FAMILY HISTORY - LIZZIE READING THE PAPER

To repair or not to repair….that is the question. Sometimes you just have to ignore everybody else and do things your own way - do what you feel is right. This is a photograph of my grandmother, Elizabeth Welsh, sitting in her front room in Toxteth, Liverpool, reading her newspaper.

I posted this photograph a little while ago on Facebook, and one of the comments made on it was that I should have it repaired as the person felt that this would improve the photo, and as it was such a precious keepsake, it deserved to be seen at its best.

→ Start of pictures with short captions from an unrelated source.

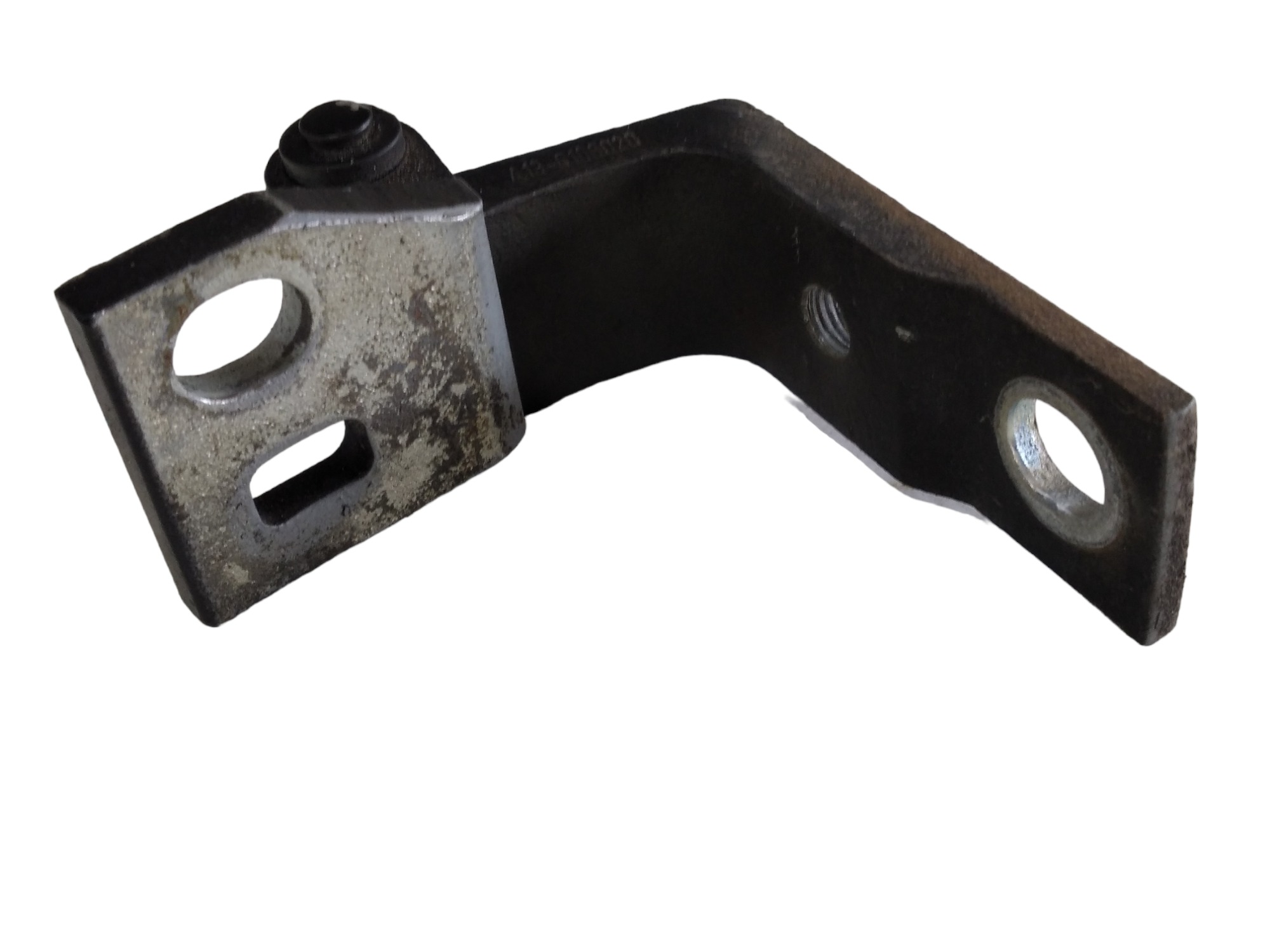 Dobradiça Porta Dianteira Direita Chery Celer 2013 V470 6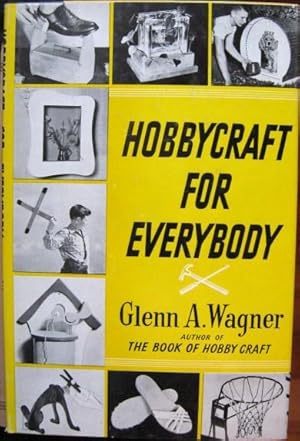 Immagine del venditore per Hobbycraft for Everybody venduto da 20th Century Lost & Found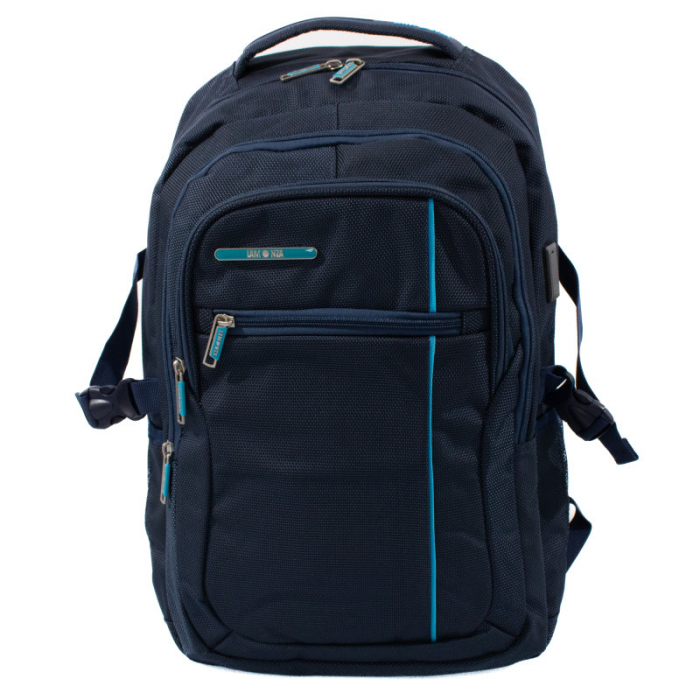 Rucsac Ultralight 47X34X18 cm bleumarin [1]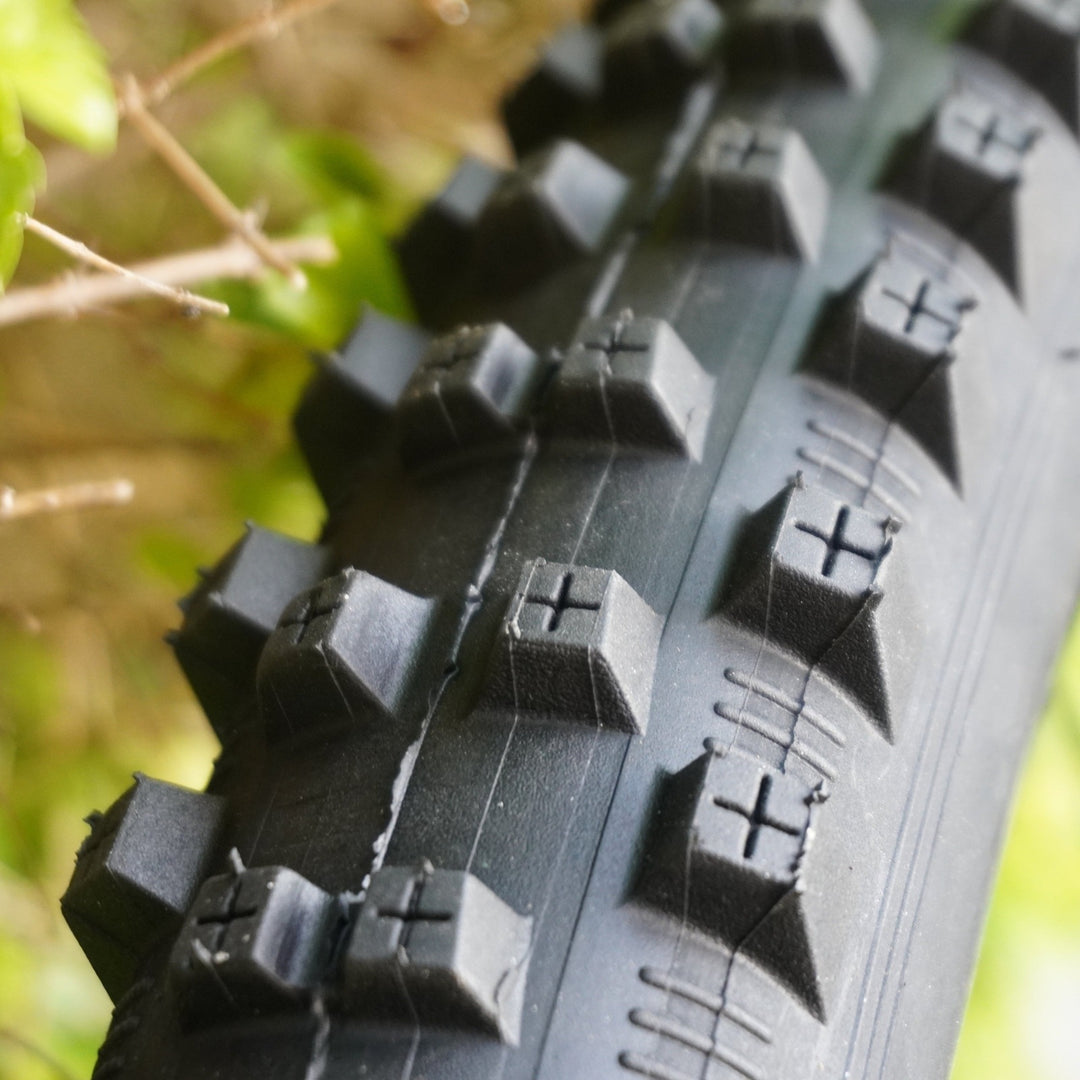 e*thirteen Grappler Mid Spike Mud Tire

I considered the idea for a good while, and although I thought that this was indeed potentially a good idea, I eventually decided against it for a couple of reasons:

1) The original photograph is tiny - being only around 3 centimetres square in size - and this copy has been scanned at the highest resolution possible. The damage obscures part of my grandmothers face, and no matter how much time I might invest to work on it, I doubt that I would be able to make a totally invisible mend.
2) This is the photograph that I know well - even with all its imperfections - and to have it digitally repaired, remastered, trimmed and tucked, will not improve it in any way for me. I came to the conclusion that its probably best to leave it alone.
My Gran - reading the paper

And that is the point of course.

I know I could be accused of being selfish at this point, but the fact is I have grown up with this tiny piece of paper looking exactly the way it looks here. If I had it digitally repaired, even professionally, this work wouldn’t add anything else to the photograph for me. The damage shows that the image has been around a bit; careworn it might be, but now that I’ve scanned it and put it ‘out there’, the photo will potentially survive and outlast us all.
And this is where I’m being selfish. After all, this is my memory I’m sharing; no-one else’s.

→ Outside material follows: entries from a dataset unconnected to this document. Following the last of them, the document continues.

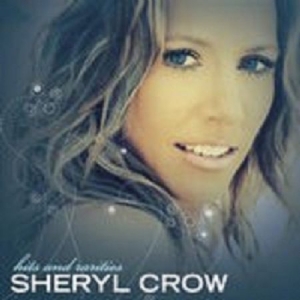 Sheryl Crow - Hits & Rarities in der Gruppe CD bei Bengans Skivbutik AB (675680)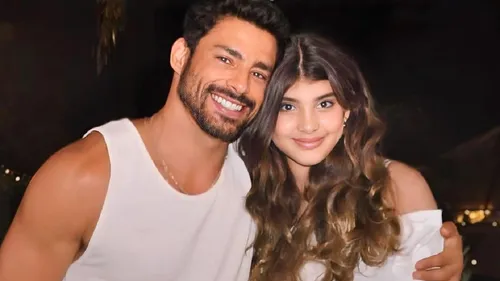 
					Cauã Reymond traz revelações picantes de série: 'Muitas cenas de sexo'
				
				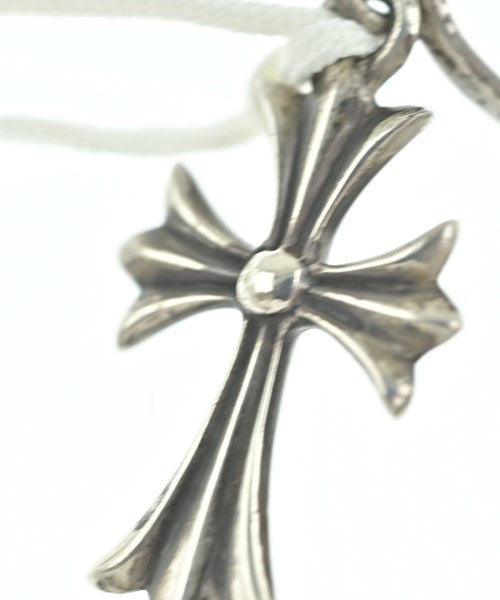CHROME HEARTS เจาะ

So. This is my Gran - sitting quietly reading her broadsheet newspaper while my Grandad, (its more than likely to be him, although I have no real proof of that), takes her picture.

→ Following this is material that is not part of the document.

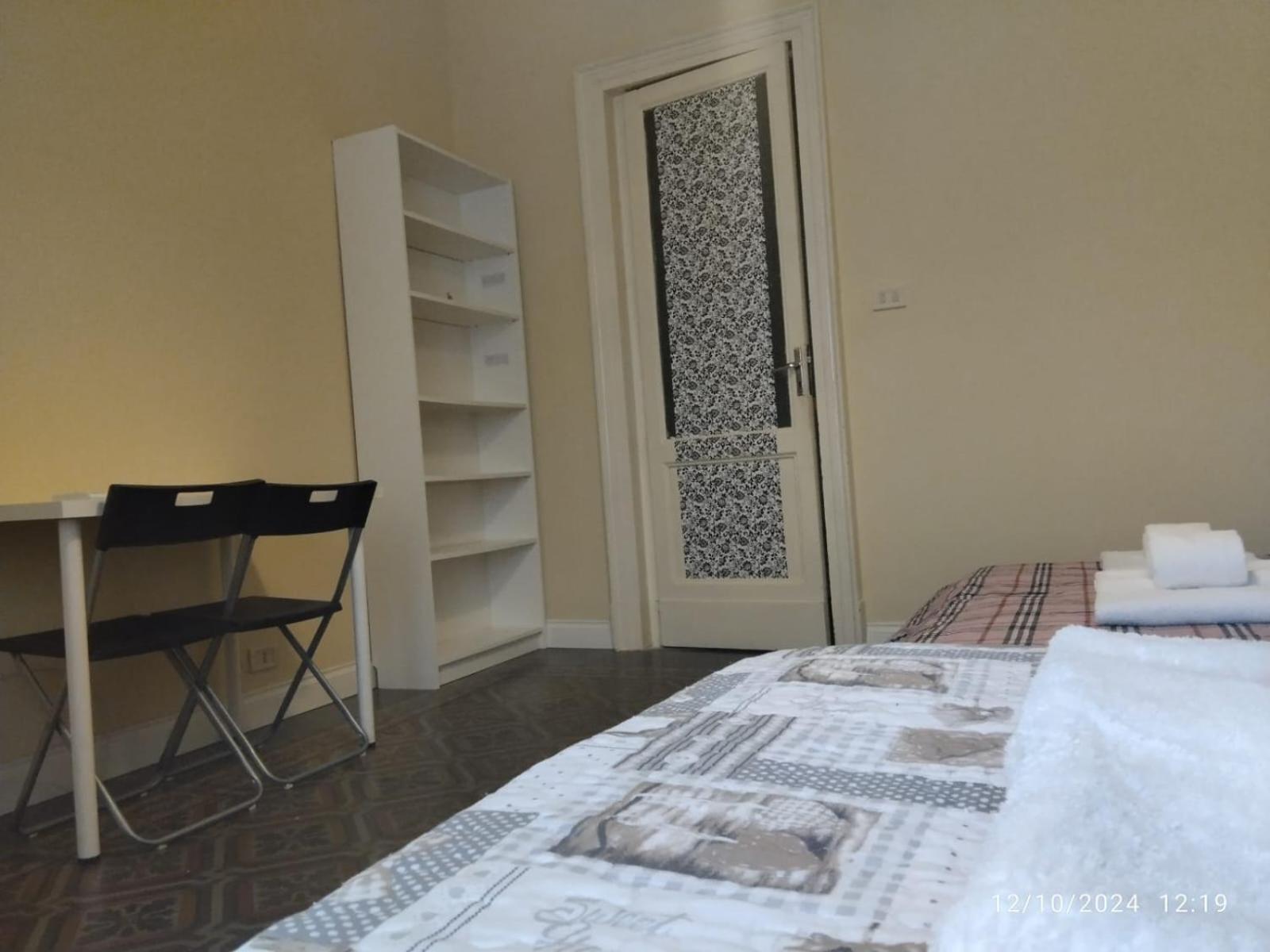 San Berillo House Apartment Catania Luaran gambar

She’s wearing her round glasses and old pinny - the pinafore dress with the red and purple flowers on it which she wore around the house to protect her clothes underneath. The only times I remember seeing her not wearing this garment, would be on the odd occasion when she would get dressed up and go out somewhere - perhaps down to the pub at the end of the road with my Grandad, or out to a family ‘do’ somewhere in the vicinity.

The photo features the old range they had in the front room with several flatirons placed on its top. The range has a beaten copper fender around its base and a set of companion tools standing on the hearth. These were used to clean out the grate. It would be icy cold to the touch in the mornings and would be cleaned with black-lead; the graphite paste being first applied with a brush and then polished in with a cloth.

The folding dining table to her right - covered by a dark tablecloth - had two wings which could be brought upwards and supported from beneath when being used. I inherited this table many years later from my aunt, when my wife and I bought our first home. Sadly, it fell apart long ago and was beyond repair.
And then there is the television. This small monochrome TV which can be seen standing on the table in the corner, holds two special memories for me that I recall.

It was on that screen in 1966 that a nine-year-old boy called Graham watched the Beatles performing a live concert from Shea Stadium in New York. I followed every song avidly, singing along enthusiastically with as many of the lyrics as I knew at that time, and drummed along with Richie on a toy drum-set which had been erected in front of the settee.

And three years earlier, on my father's birthday in 1963, the whole family sat together and watched in shock and disbelief when it was announced that President Kennedy had been assassinated in Dallas, Texas. I was only six years old at the time, but I remember the emotion of the moment clearly; the adults in the room growing suddenly quiet to listen to the solemnity of the newsreaders voice as he made the announcement. And it was then that I also saw my Grandfather cry real tears for the very first time, and I couldn't quite understand why.

This is why I’m leaving the photograph in the condition its in.

Damaged as it is, it still represents all these things to me and will continue to do so into the future, and that fact is never going to change.